ASSIGNMENT » Line by line, set down all the data below exactly, omitting any picture.

------------------------------------------------

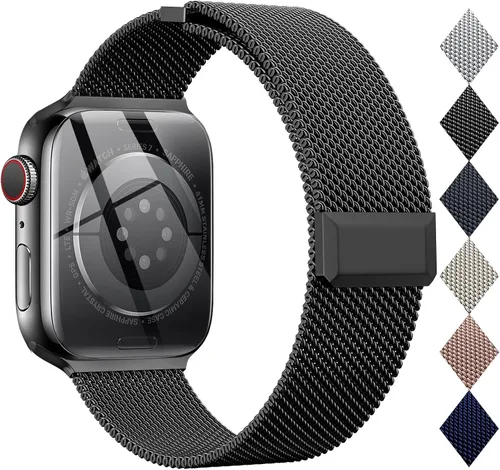 EPULY Compatible con Apple Watch Band de 1.496 pulgadas, 1.575 pulgadas, 1.614 pulgadas, 1.654 pulgadas, Series 10 11, correas de malla de acero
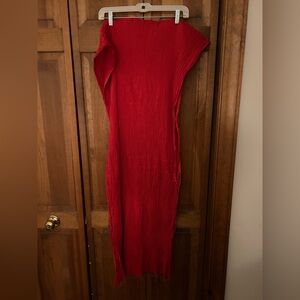 Crushed Red Orange Fringed Beaded Crushed Fabric Y2K Early 2000s Inspired Shawl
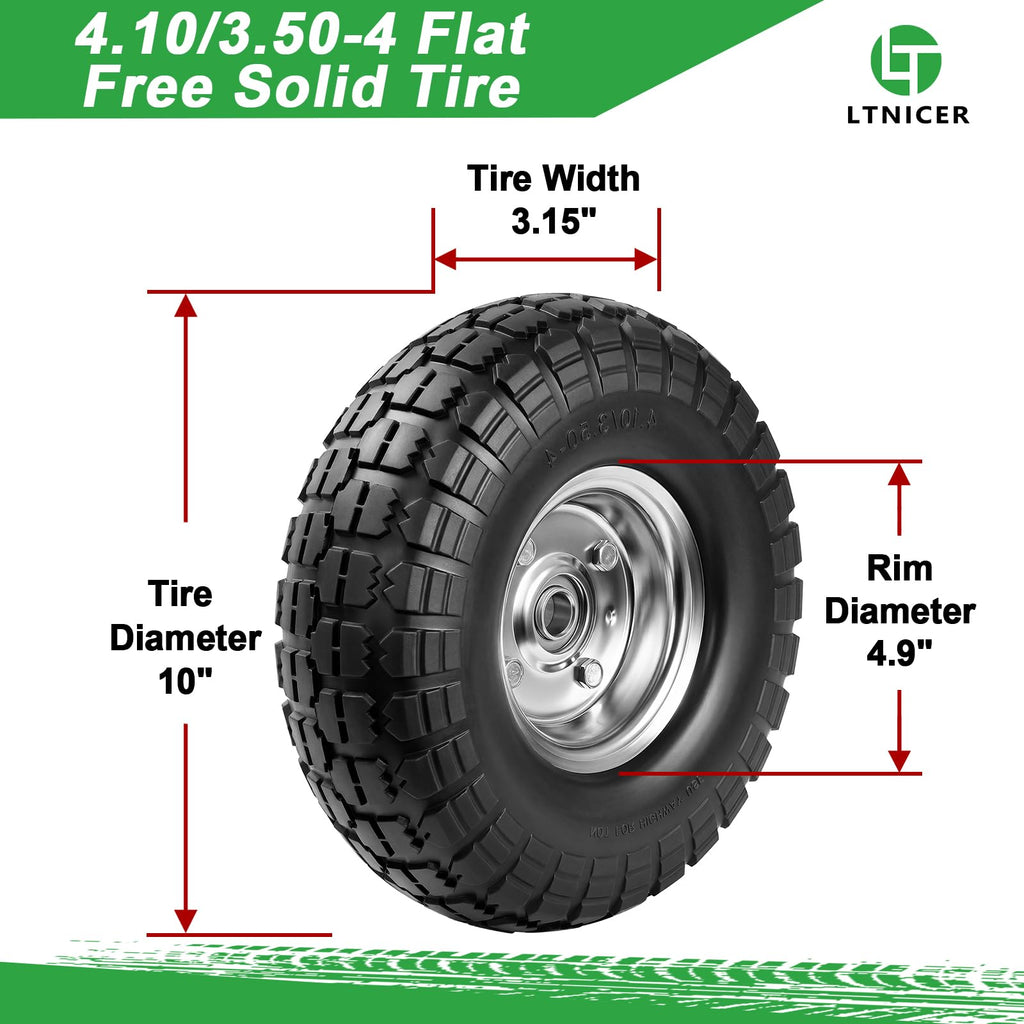 LTNICER 4.10/3.50-4 Tire Wheels Flat Free 10" Heavy Duty Solid Flat-Free Replacement Tire with 5/8 Axle Compatible with Gorilla Carts, Wheelbarrow, Dolly, Hand Truck (2-Pack)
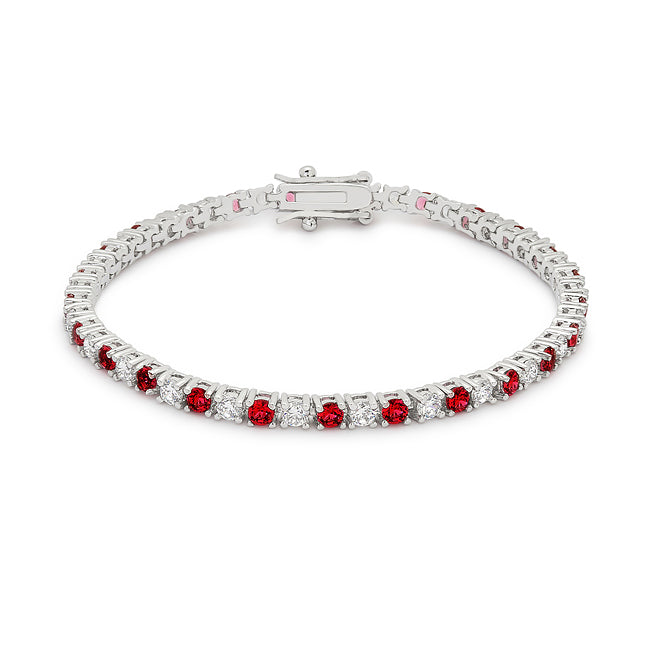 Precious Stars Silvertone Colorful Cubic Zirconia Ladies Ladies Tennis Bracelet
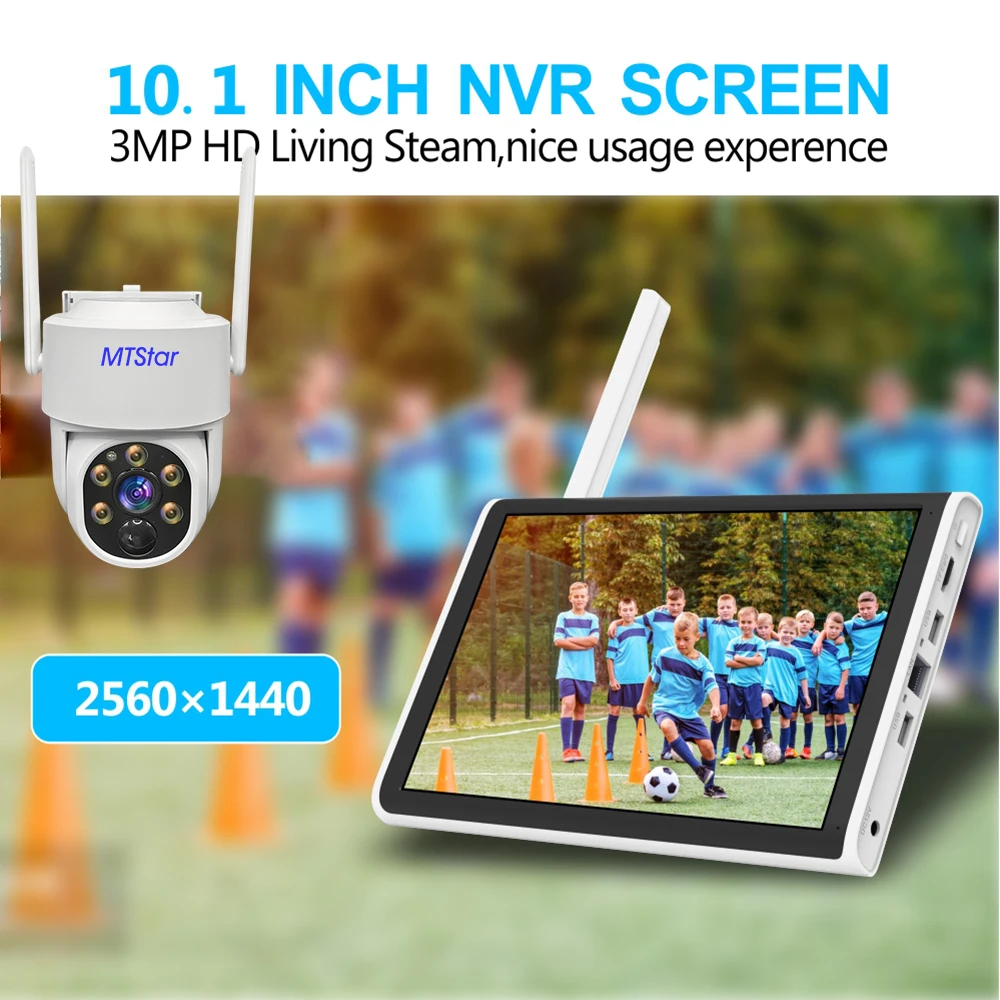 4CH/8CH 4MP Wireless WIFI NVR ＆ Solar Panel Battery PTZ Camera Outdoor Video Surveillance System  Wifi DVR  with 10 Inch Monitor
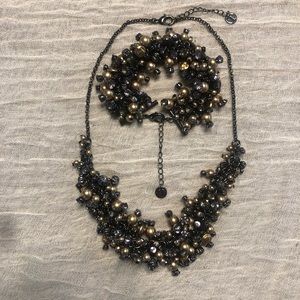 16” Talbots gold/smoky necklace/matching bracelet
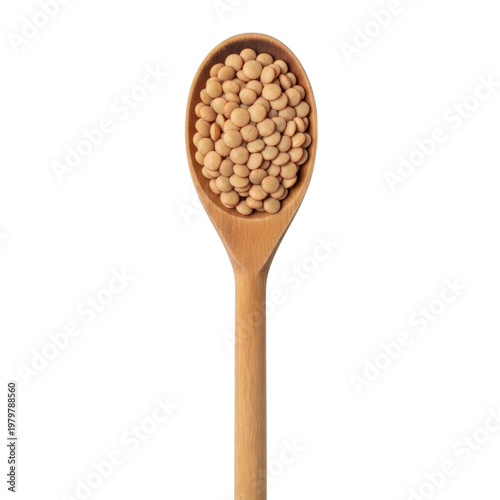 Wooden spoon with lentils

------------------------------------------------

RESULT BELOW »
 EPULY Compatible con Apple Watch Band de 1.496 pulgadas, 1.575 pulgadas, 1.614 pulgadas, 1.654 pulgadas, Series 10 11, correas de malla de acero
 Crushed Red Orange Fringed Beaded Crushed Fabric Y2K Early 2000s Inspired Shawl
 LTNICER 4.10/3.50-4 Tire Wheels Flat Free 10" Heavy Duty Solid Flat-Free Replacement Tire with 5/8 Axle Compatible with Gorilla Carts, Wheelbarrow, Dolly, Hand Truck (2-Pack)
 Precious Stars Silvertone Colorful Cubic Zirconia Ladies Ladies Tennis Bracelet
 4CH/8CH 4MP Wireless WIFI NVR ＆ Solar Panel Battery PTZ Camera Outdoor Video Surveillance System  Wifi DVR  with 10 Inch Monitor
 16” Talbots gold/smoky necklace/matching bracelet
 Wooden spoon with lentils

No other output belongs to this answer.